Minnesota’s Shliach’s 85th Birthday in New York
There is good reason why Rabbi Asher Zeilingold, one of the longest-serving pulpit rabbis in the United States, marked his 85th birthday in New York. For many years, the Rebbe granted yechidus to those celebrating a birthday. The exception was for birthdays that fell at the end or beginning of Tishrei. Since Rabbi Zeilingold’s birthday was shortly before Rosh Hashanah, as a bachur in the 1950s he was told that he would need to wait for his yechidus.
By then, he was already regularly writing to the Rebbe and receiving lengthy letters and responses to his questions. He sat down and wrote to the Rebbe that, while he was not able to have a yechidus at that time, as was customary on one’s birthday, he still wished to ask the Rebbe several questions regarding his personal Avodas Hashem.
To his surprise, the very next day, the Rebbe’s mazkir approached him and said that when the Rebbe read his letter, he instructed that he should have a yechidus that night. “But you will only receive a brachah for your birthday,” the mazkir told him, “and the responses to your questions, the Rebbe will give in writing.”
In his forthcoming book Clear Vision: Living by the Rebbe’s Guidance – which includes the Rebbe’s guidance to him and the stories he experienced with the Rebbe – he writes that since then, he “always tried to be in New York on my birthday.”
Throughout all the years that there were still birthday audiences, “I always had one.” After Gimmel Tammuz, “I have made every effort to come to the Rebbe’s Ohel on my birthday.”
In recent years, due to the difficulty of travel, he has not been able to come to New York.
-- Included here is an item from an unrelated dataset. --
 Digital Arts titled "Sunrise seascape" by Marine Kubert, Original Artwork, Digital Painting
However, for his 85th birthday, he made the extra effort to be there. Already in New York, friends, family, and shluchim came to wish him mazel tov and many happy and healthy years.
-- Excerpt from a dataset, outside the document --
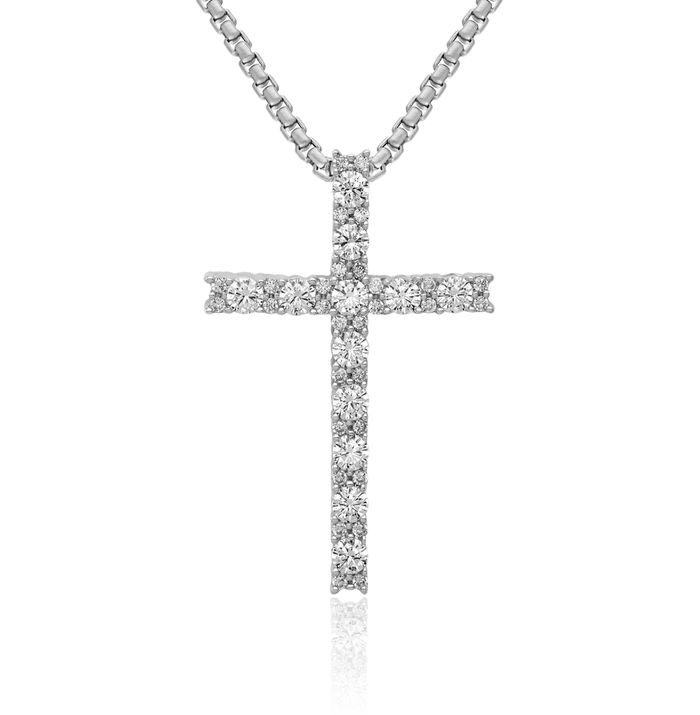 14K Solid White Gold Lab Diamond Latin Mexican Holy Cross Necklace Religious Chain Pendant Jesus Christ Christian Charm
At the birthday gathering, he thanked Hashem for all the brachos He has given him. He told those gathered that he would soon be celebrating six decades on shlichus, which the Rebbe had guided him to undertake as the rabbi of Adath Israel in St. Paul. “When I suggested to the Rebbe that I should leave,” he said, “I added that if the Rebbe tells me to stay here, I will.”
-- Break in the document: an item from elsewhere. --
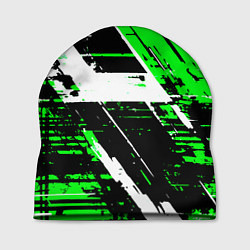 Шапка Diagonal black and white stripes on a green backgr, цвет: 3D-принт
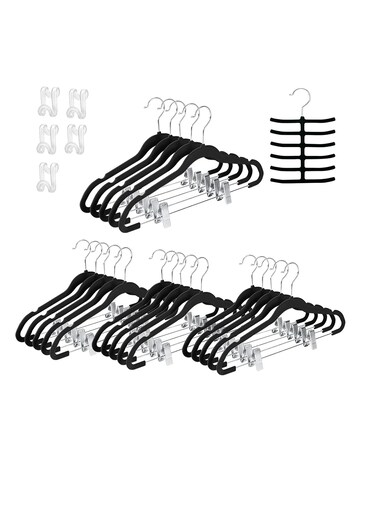 Non Slip Velvet Hangers Suit Hangers 20 Pack Ultra Thin Space Saving 360 Degree Swivel Hook Clothes Hangers Hold Up to 10 Lbs for Coats Jackets Pants Dress Clothe Metal CLip 20pcs Black.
In a lengthy response, detailed in Clear Vision, the Rebbe empathetically replied that he should not only stay, but expand his activities there. In one part of his response, the Rebbe wrote, “I am with you in your activities,” a message that Rabbi Zeilingold has kept close to his heart ever since.
“The Rebbe put me here,” he told the gathering, “and I am continuing, boruch Hashem. The Aibeshter should give me the koach to continue to bring goodness to the world.”











Possible Correction
In the paragraph beginning “In a lengthy response,” the author uses the word “empathetically”, when he may have meant “emphatically.” The expression “not only….but” is typically an emphatic expression (one of emphasis), although the Rebbe was also undoubtedly empathetic.